» WHAT THE TASK ASKS
Lines before the one holding "Cristiano Ronaldo vuelve" are not wanted. Please copy that line and everything after it to the end of the records, exactly, skipping pictures.
----
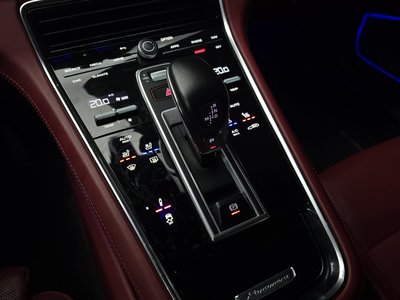 PORSCHE PANAMERA - 9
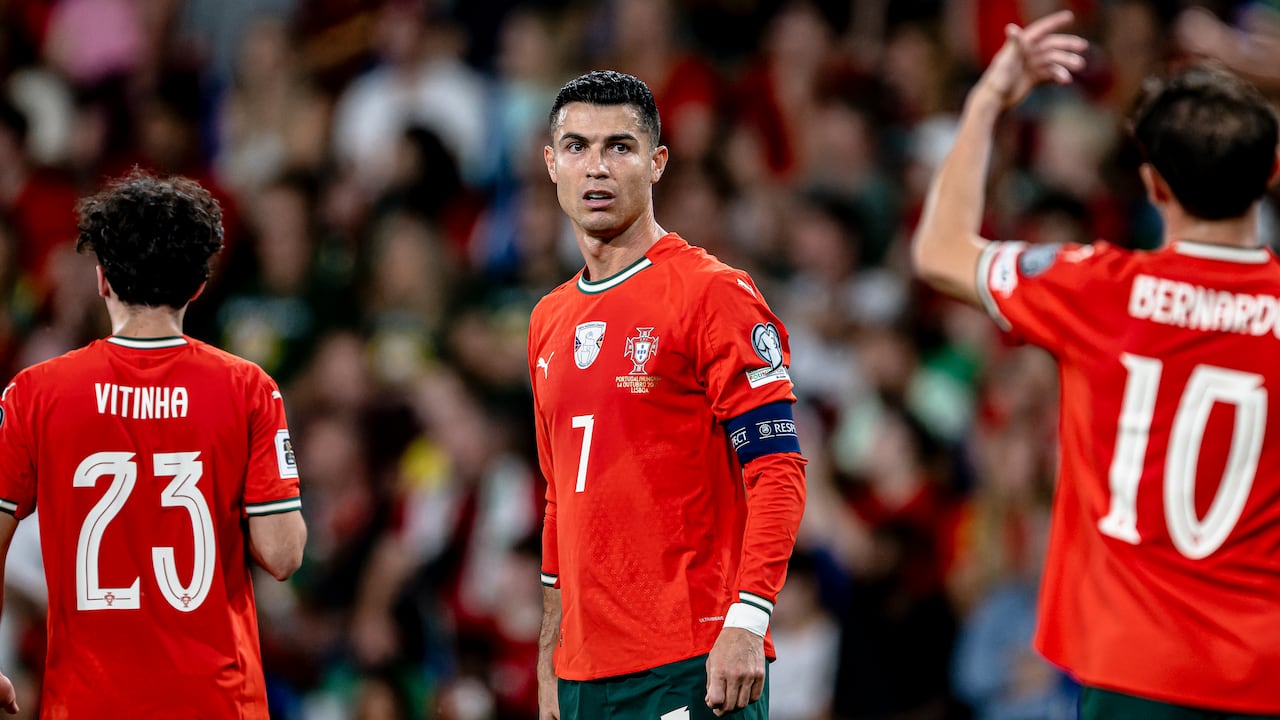Cristiano Ronaldo vuelve a la acción con Portugal en Lisboa.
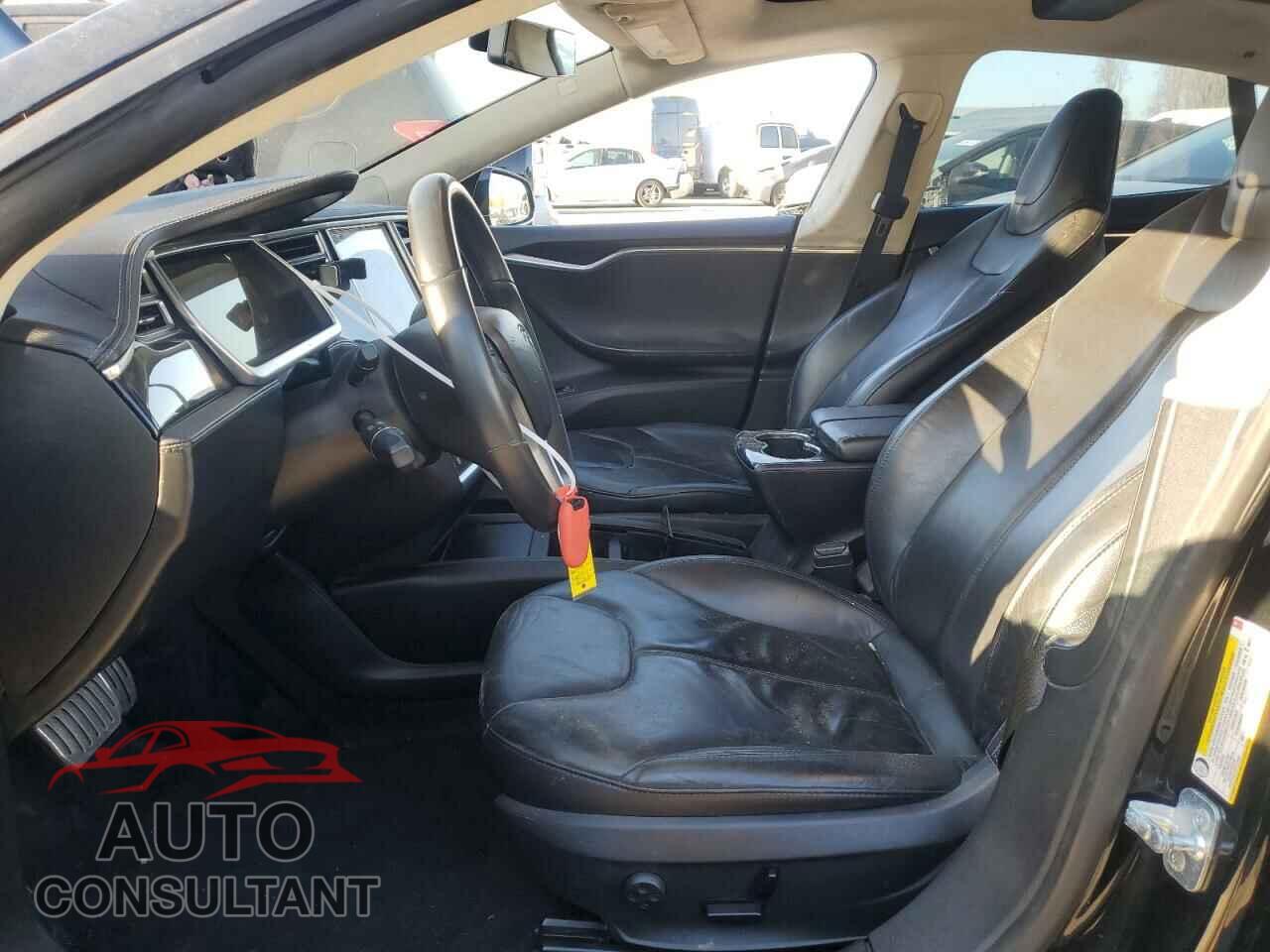 TESLA MODEL S 2013 - 5YJSA1DP2DFP21995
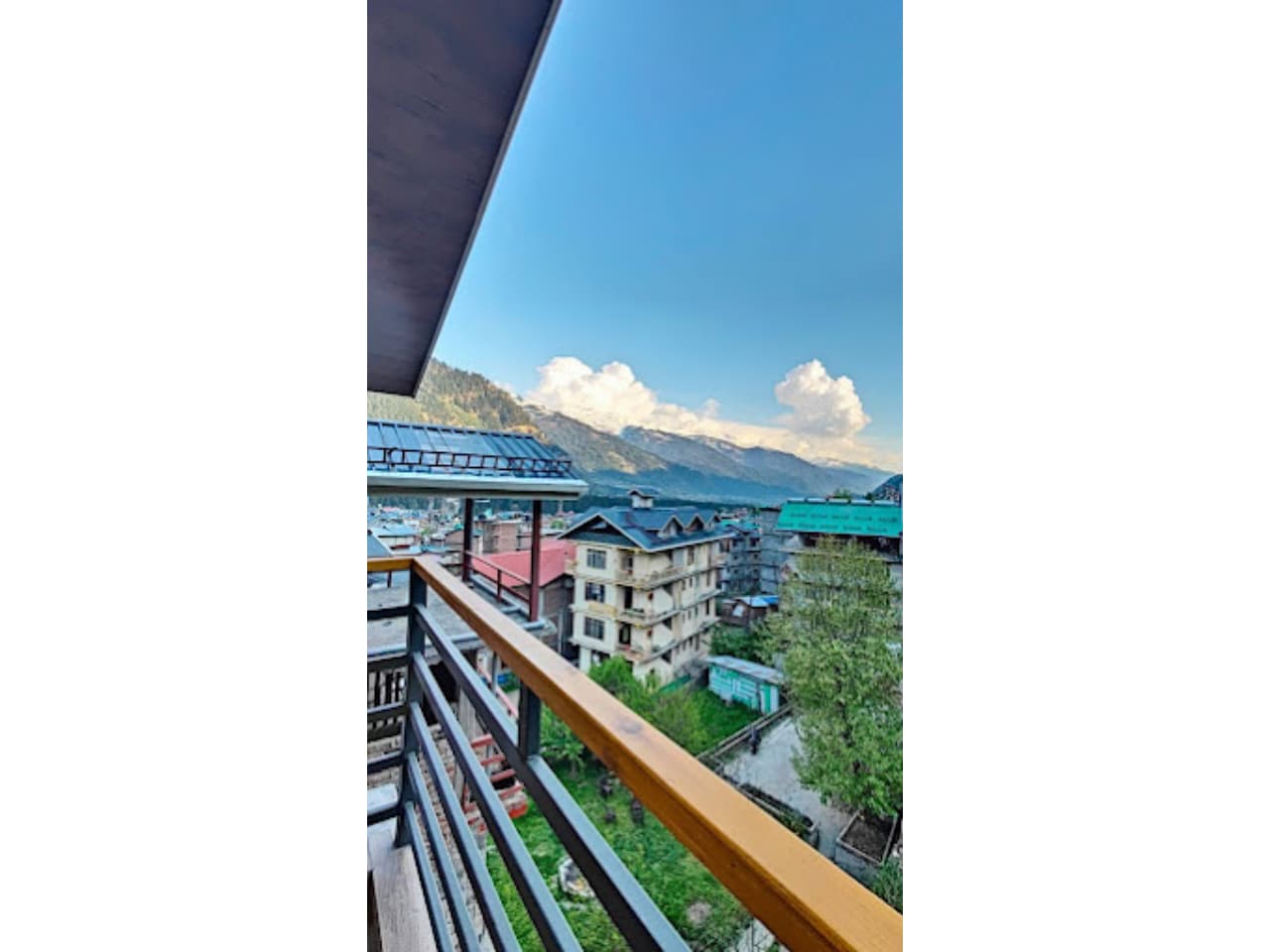 YAATO RETREAT - Tap to explore photos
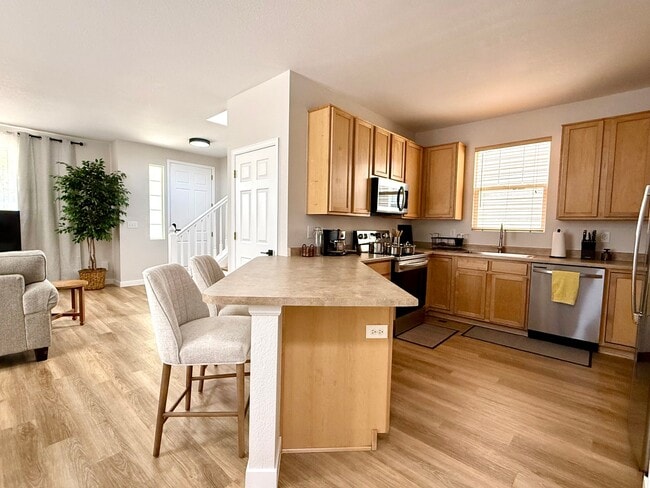 Photo - 2132 Clipper Way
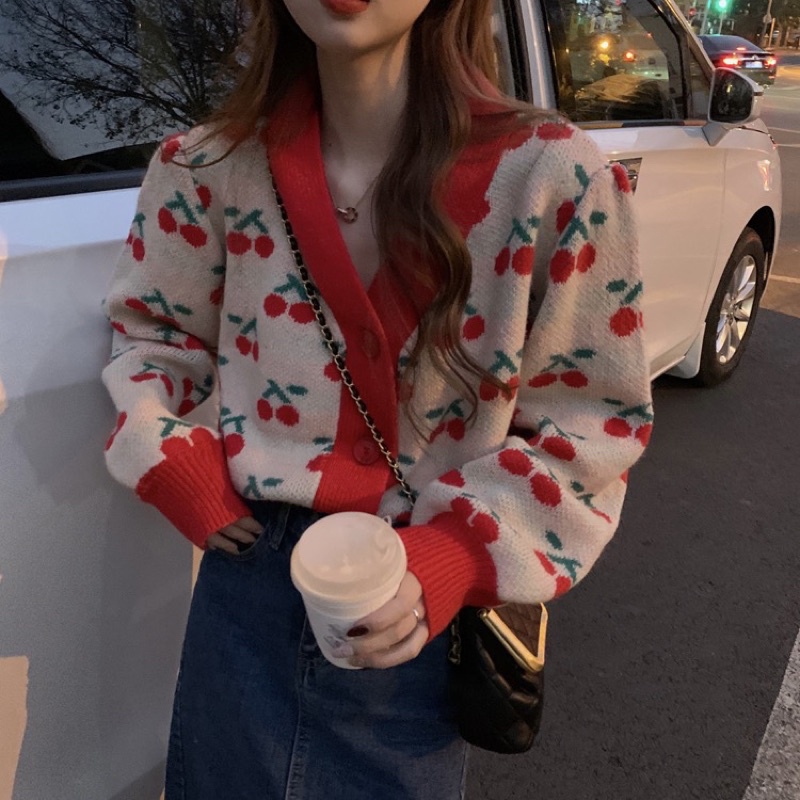 SẴN - áo croptop len hoạ tiết cherry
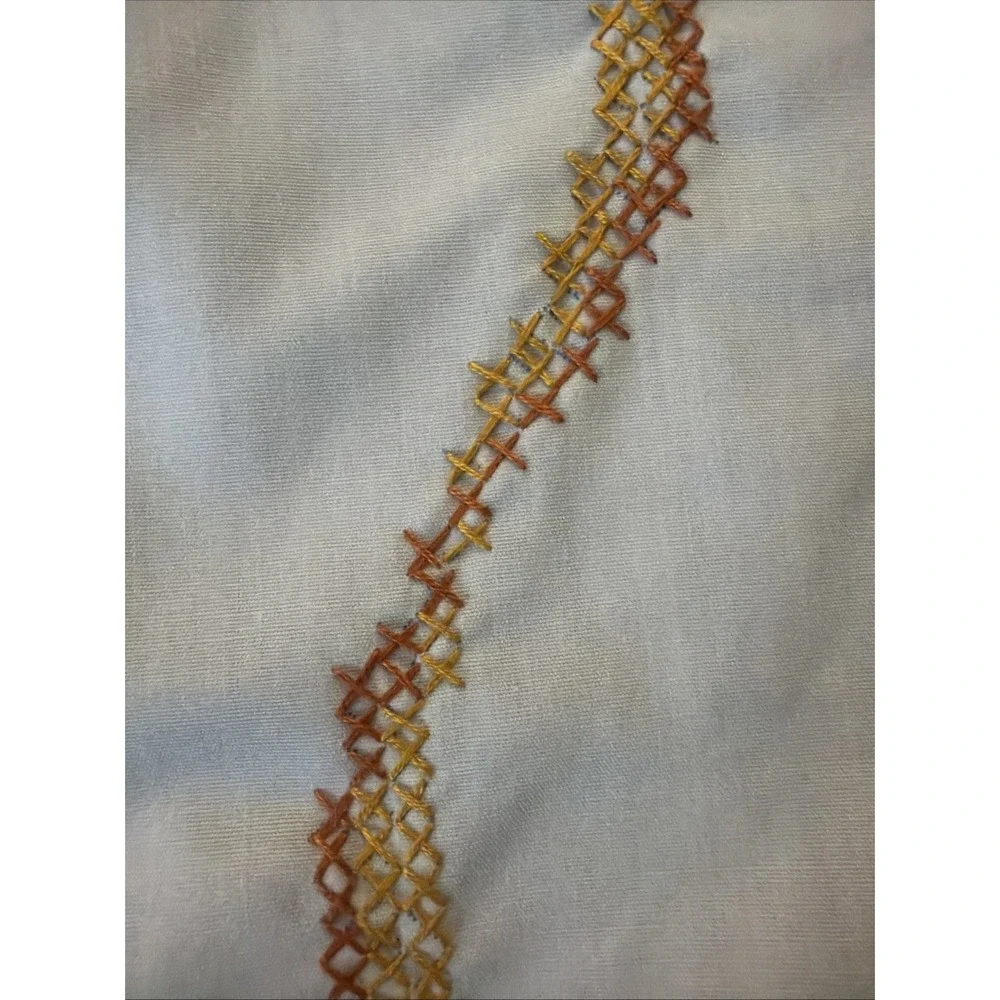 Vintage Tablecloth Hand-Embroidery Floral 50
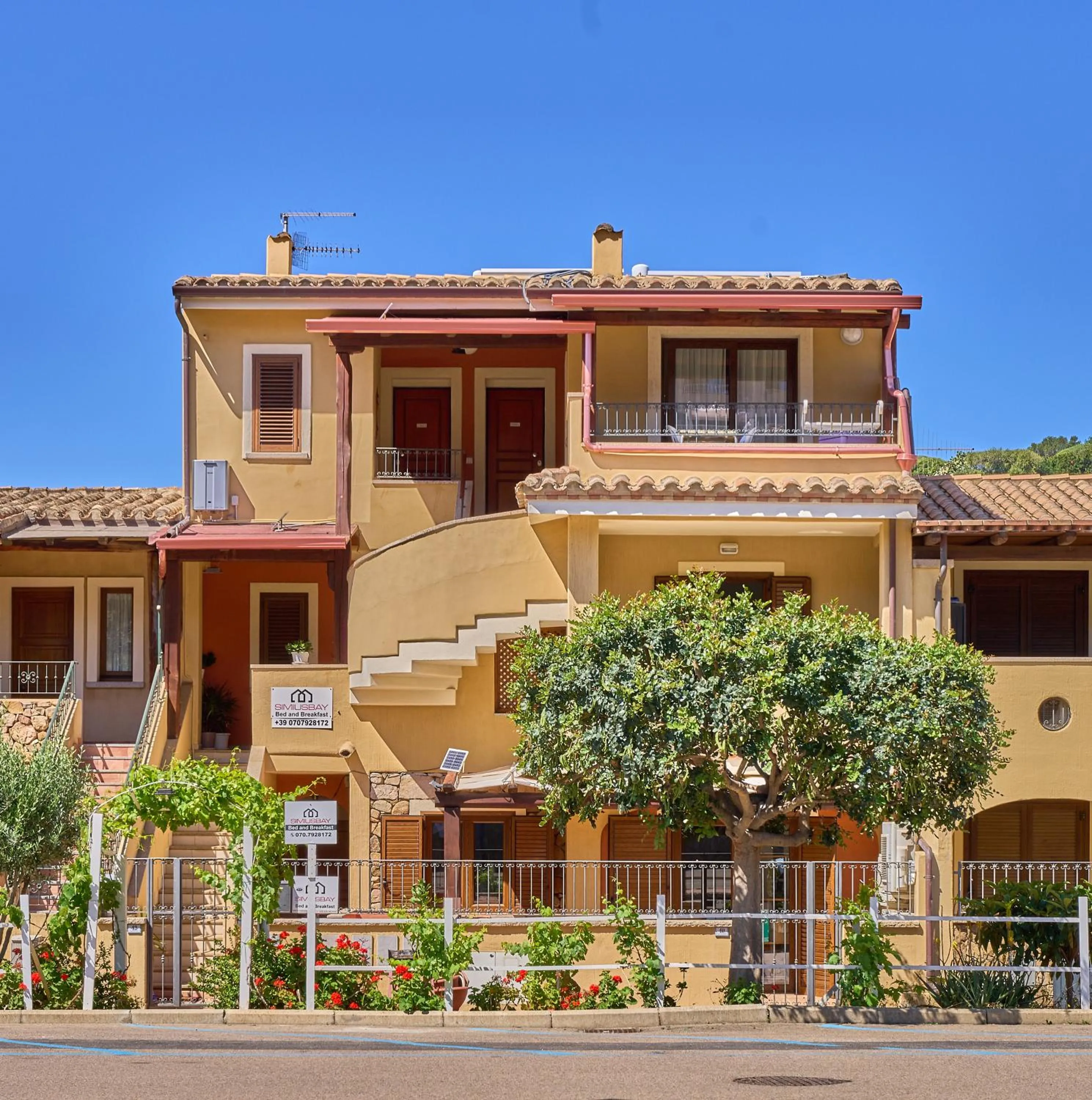 Facade/entrance in Simius Bay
----
» ANSWER FOR THE TASK
Cristiano Ronaldo vuelve a la acción con Portugal en Lisboa.
 TESLA MODEL S 2013 - 5YJSA1DP2DFP21995
 YAATO RETREAT - Tap to explore photos
 Photo - 2132 Clipper Way
 SẴN - áo croptop len hoạ tiết cherry
 Vintage Tablecloth Hand-Embroidery Floral 50
 Facade/entrance in Simius Bay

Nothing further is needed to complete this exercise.